Filme encantador, de uma beleza que não reside nas paisagens mostradas, nos lugares percorridos pela personagem, embora todos esses fatos mereçam destaque. A beleza desse filme pode ser resumida nessa frase final que destacamos no início do texto. Filme que fala da natureza humana em uma extensão impensável, mais do que quaisquer outros aspectos que são tocados ao longo do filme, e são muitos os aspectos tocados, a natureza dos vínculos é seu ponto forte, segundo nossa leitura sobre ele.

Sublinha o inferno e a alegria que os vínculos nos trazem, fonte do pior sofrimento e do maior prazer, segundo Freud. Lindo, comovente, “impactante” mesmo. Daquele tipo de filme que ao terminar fica-se com a certeza de que alguns filmes são capazes de mudar vidas. Sabê-lo baseado em fatos reais, torna-o ainda mais tocante.

Conta a história de um rapaz de 23 anos(na vida real Christopher McCandless representado pelo ator Emile Hirsch) que no início da década de 90 decide empreender uma viagem pelos Estados Unidos, traça como meta chegar ao Alasca, sua idéia é despir-se da cultura e suas imposições sociais e entrar em contato com a natureza selvagem. Mais do que perceber o conteúdo dessa intenção, a beleza reside em seu trajeto e principalmente nas relações que estabelece ao longo de sua caminhada. Percurso humano que pulsa e grita através das várias personagens com as quais ele vai construindo um invejável traçado de afeto. Um rapaz peculiar dotado de um conceito de justiça e ética, quase angelical, cruel com suas lembranças, e sábio em seus novos vínculos. Oriundo de uma conturbada família, descobre segredos sobre ela, sobre as bases que a constituíram, que o levam ao inferno de suas emoções, tudo isso é narrado ao longo do filme pelas memórias de sua irmã, sobrevivente a toda trama familiar. A narrativa se entrelaça com suas vivências em sua caminhada rumo ao Alasca, feliz maneira que Sean Penn escolhe para nos apresentar sua temática. Direção poética encontramos nesse filme, surpreendente Sean Penn que igualmente à descoberta que vemos a respeito da direção de Clint Eastwood(As Pontes de Madson – 1995, onde o descobrimos), nos mostra uma face de possibilidades múltiplas de um ser no mundo. Segue essa trajetória nossa personagem Christopher, comovente ser em angústia e alegria, isolamento e vínculo mais afetivo e completo que possa ser possível, baseado na crença de que partirá, no como está sempre chegando e partindo, se lança em direção ao vínculo com toda a potência de vida. Belo aprendizado que culmina na relação que desenvolverá, quase ao final do filme, com o solitário Ron Franz(Hal Holbrook ).(texto completo no link B)
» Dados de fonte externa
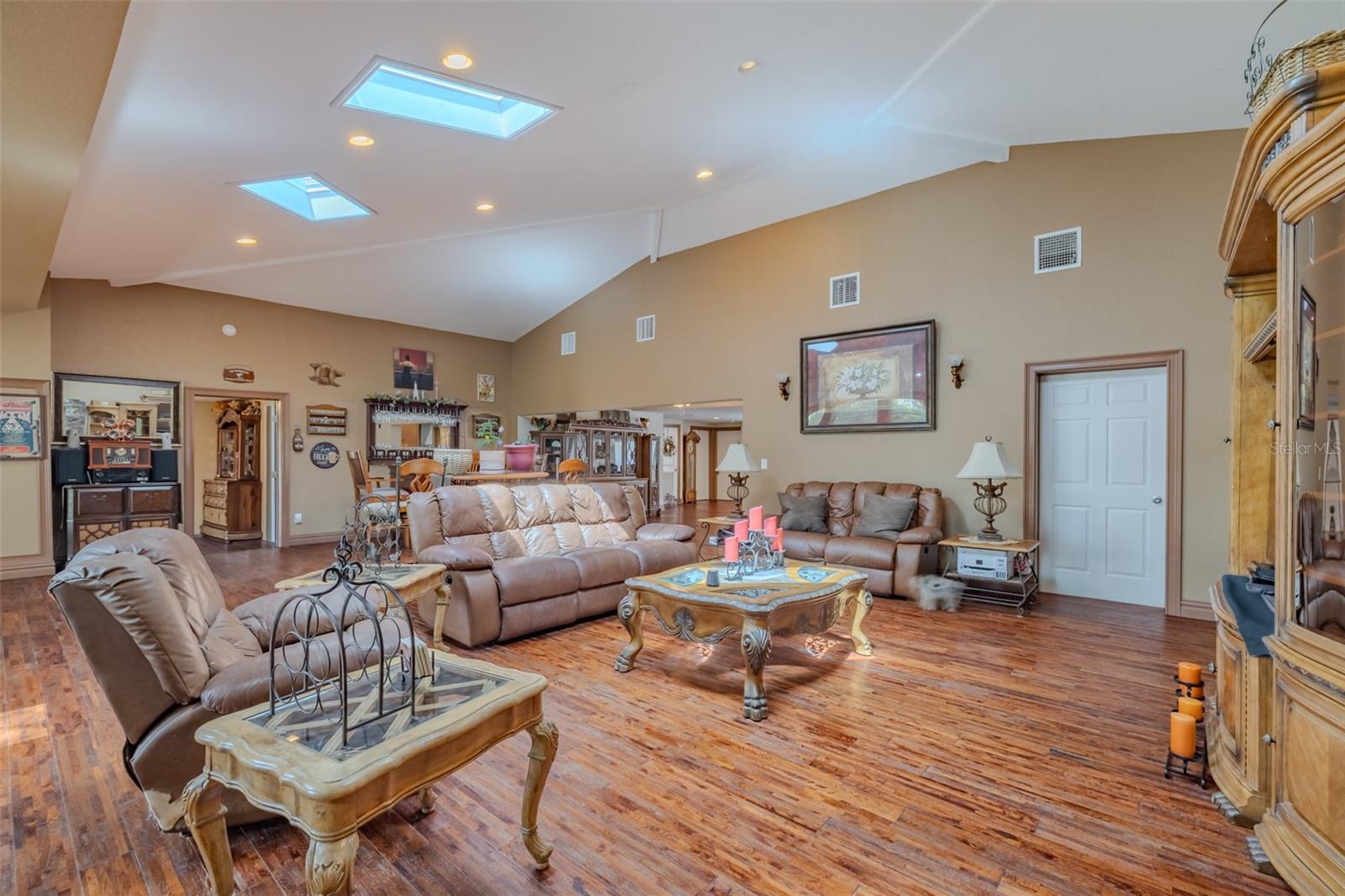 TRACERS LAKE KEEN ESTATES UNI - Residential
Esse filme é belíssimo e nos mostra bem como podemos ser tocados por uma história, nessa aqui narrada, baseada em um caso real, que mobilizará complexos e intensos insights a respeito de nós mesmos e das relações que estabelecemos com o nosso meio. Escolhemos colocar pequeno trecho da nossa análise sobre ele, para exemplificar o que falamos. Vê-lo, entrar em contato com sua narrativa, poderá despertar em cada um de nós, inúmeras sensações e sentimentos, caminhos abertos para o acesso a conteúdos importantes e que nos colocam em contato com as nossas operações psíquicas. Não podemos deixar de pensar em um caminho trilhado nesse sentido, não somente aleatório e ocasional, mas também sistematizado e buscado no processo analítico, quando em uma leitura, isso se mostrar viável.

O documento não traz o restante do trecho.